Herr Von Beck ne m’introduisit pas, comme je m’y attendais,
dans le cabinet attenant à la chambre de ma Gräfin, mais dans la grande
salle du rez-de-chaussée où je trouvai Madame de Lichtenberg conversant avec un
jeune gentilhomme qui lui tenait tendrement la main. Elle la lui retira pour me
la donner à baiser et quand, après m’être incliné sur ses doigts, je me
redressai, l’esprit en pleine confusion, elle me nomma son vis-à-vis :
Eric Von Lichtenberg.
— Eric, dit-elle ensuite, voici le chevalier de Siorac
dont je vous ai parlé. Faites-lui bon visage, il est fort de mes amis.
— La recommandation était inutile, Madame, dit Eric en
me faisant un gracieux salut. Monsieur le chevalier de Siorac a le bel air de
la Cour de France. Il n’est que de le regarder.

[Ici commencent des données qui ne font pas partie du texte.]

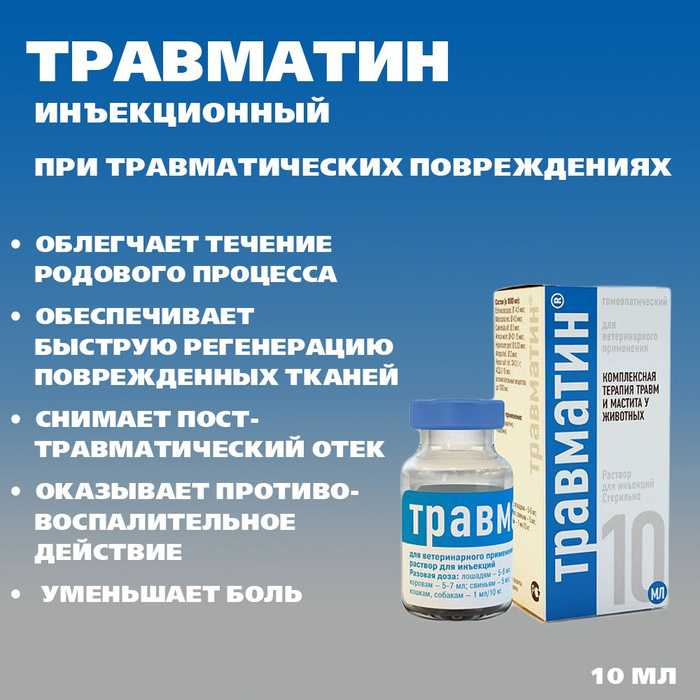 Травматин для кошек - всё самое важное о препарате | ваши питомцы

Je trouvais le compliment un peu soudain, mais je le lui
rendis aussitôt, et du diable si je m’en ramentois les termes, et du diantre si
je me souviens de ce qui se dit alors dans cet entretien où nous débitâmes de
si banales fariboles que, de ma bouche en tout cas, elles sortaient quasi
mécaniquement, mon esprit étant furieusement occupé à me demander qui était cet
Eric et son lien avec ma Gräfin.
Car je ne saurais vous celer davantage, lecteur, que le
« parent » d’Ulrike avait mon âge et me donnait un sentiment
d’accablement par son éclatante beauté, étant grand, fort bien fait, le cheveu
brun, abondant et bouclé, l’œil immense et caressant, les traits à la fois
ciselés et virils. Et comme si cela n’était pas encore assez de tous ces
charmes, il avait, même en français, une langue élégante et facile, l’esprit
fort vif et un air de gentillesse tout à plein désarmant. Qui pis est, il me
considérait d’un air excessivement amical alors que tout en lui souriant, je
lui souhaitais déjà mille morts d’être là.
Madame de Lichtenberg était entre nous deux, si calme, si
composée, si souriante, distribuant si équitablement ses sourires et ses grâces
que la rage me prit tout soudain de détruire un si bel équilibre, de tout
casser en un instant, de briser là et de rompre à tout jamais avec cette démone
qui ne m’avait fait venir chez elle que pour être le témoin de mon malheur.